Soul Connections

By: Heidi Buswell

When I started to write a meditation on soul groups and soul mates, I was shocked at the number of communal myths I discovered.

The biggest one is that a “soul connection” is somehow better, or more valid, than any other kind of connection. It isn’t. It just means that you and the other person have had some kind of previous relationship.

How we respond to those relationships – ones we continue or ones we decide to leave behind – reflects our spiritual growth.

We tend to go around in groups – reincarnating together over several lifetimes for many reasons: we like each other; we hate each other; we are learning similar lessons. Sometimes we are buddies, sometimes family; others we are spouses, star crossed lovers, or mortal enemies.

Although we aren’t always aware of them we all have these connections. It is when someone in the group (or relationship) doesn’t want to play the same old game anymore that we take notice.

What happens when one member of the group starts to grow at different rate? What if some of the group members decide that they like where they are and want to put growth on hold? What if a group breaks apart to learn different lessons?

Change: change can happen in a variety of ways. As with all relationships, change can be amicable or contentious.

When I was in college, I did a play and a friend of my Mother’s came to see it. When he came back stage after the show to say hi, he had two friends with him. All four of us felt an instant recognition – a group flashback. It was clear that we had done some important learning together.

It was a wonderful feeling – that connection – but it was also a bit like going to a high school reunion. We had a good visit; a nice evening; and that was all. We’d moved on to different lessons. The connection, while strong, was no longer relevant.

At the grocery store, the man in front of me was looking at the front of one of the tabloid magazines. The cover was a “then and now” picture of a celebrity losing the battle with drug addiction – pretty standard fare for the tabloids. He turned to me. Visibly shaking, and pointed his finger at the paper saying, “That stuff will ruin you.”

He told me that he never did it (drugs) but that his family did. His brothers were in and out of jail before they were all killed by or because of drugs. His family would not speak to him anymore because he refused to get involved in drugs.

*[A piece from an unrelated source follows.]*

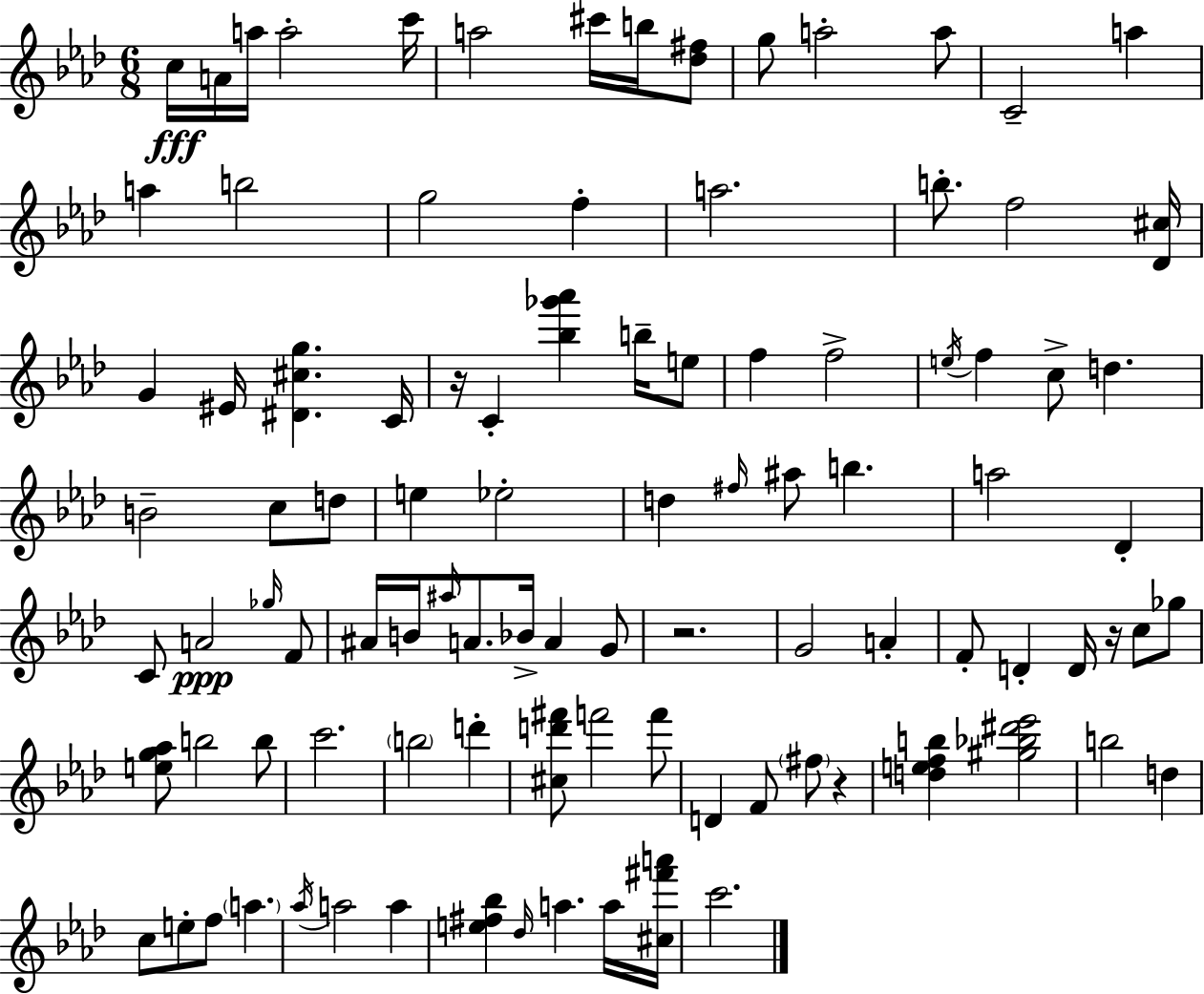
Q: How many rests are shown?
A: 4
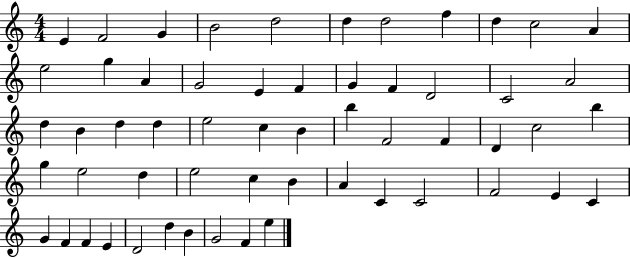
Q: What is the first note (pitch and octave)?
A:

It had been 30 years. He made his own life – but he still missed his family; his brothers. This was a soul group he’d been with for a long time – it hurt him, but he found a way to leave because he didn’t fit any longer.

The romantic inside us dreams of finding a soul mate. We search for that intense spiritual connection – the abiding love lasting across lifetimes. While the “…no sooner looked, but they loved…” scenario does happen, it is no more true or valid than any other romantic connection.

What we tend to forget in our search for established soul connections is that they all had a starting point. That “old friend” or “forever love” was actually new once.

I met my oldest friend in junior high school. Over many lifetimes, we’d lived in a lot of the same places at the same time, but never connected with each other. This time, we were at the same school. I finally noticed her when the alphabetical seating chart put us next to each other in class. Over the years, we’ve formed what you could call a new soul connection.

Soul groups and soul mates are just different types of relationships. As with other kinds of relationships, people often stay out of habit, duty, or guilt. Sometimes it is possible to shift easily between groups and sometimes it takes a truly horrific circumstance to sever group connections.

Consider your relationships. Are the agreements – the contracts – you made with this person or group something you still want? Is your cycle of lessons complete?

Reviewing your agreements and then making a deliberate choice allows you to leave a group or person that doesn’t fit anymore. You can move forward intentionally.

The main reason we think soul connections are so special is that they occur when two people recognize each other spiritually. When you greet someone “spirit to spirit,” you create a soul connection by acknowledge them on both a body level and a spiritual level.

Focus for a moment on yourself – the spiritual being full of light – and acknowledge the brightness of your own energy. Then consider how much of that brightness you allow the world to see on a daily basis.

The more brightness you show, the more you greet people as spiritual being, the more spiritual hellos you will receive in return.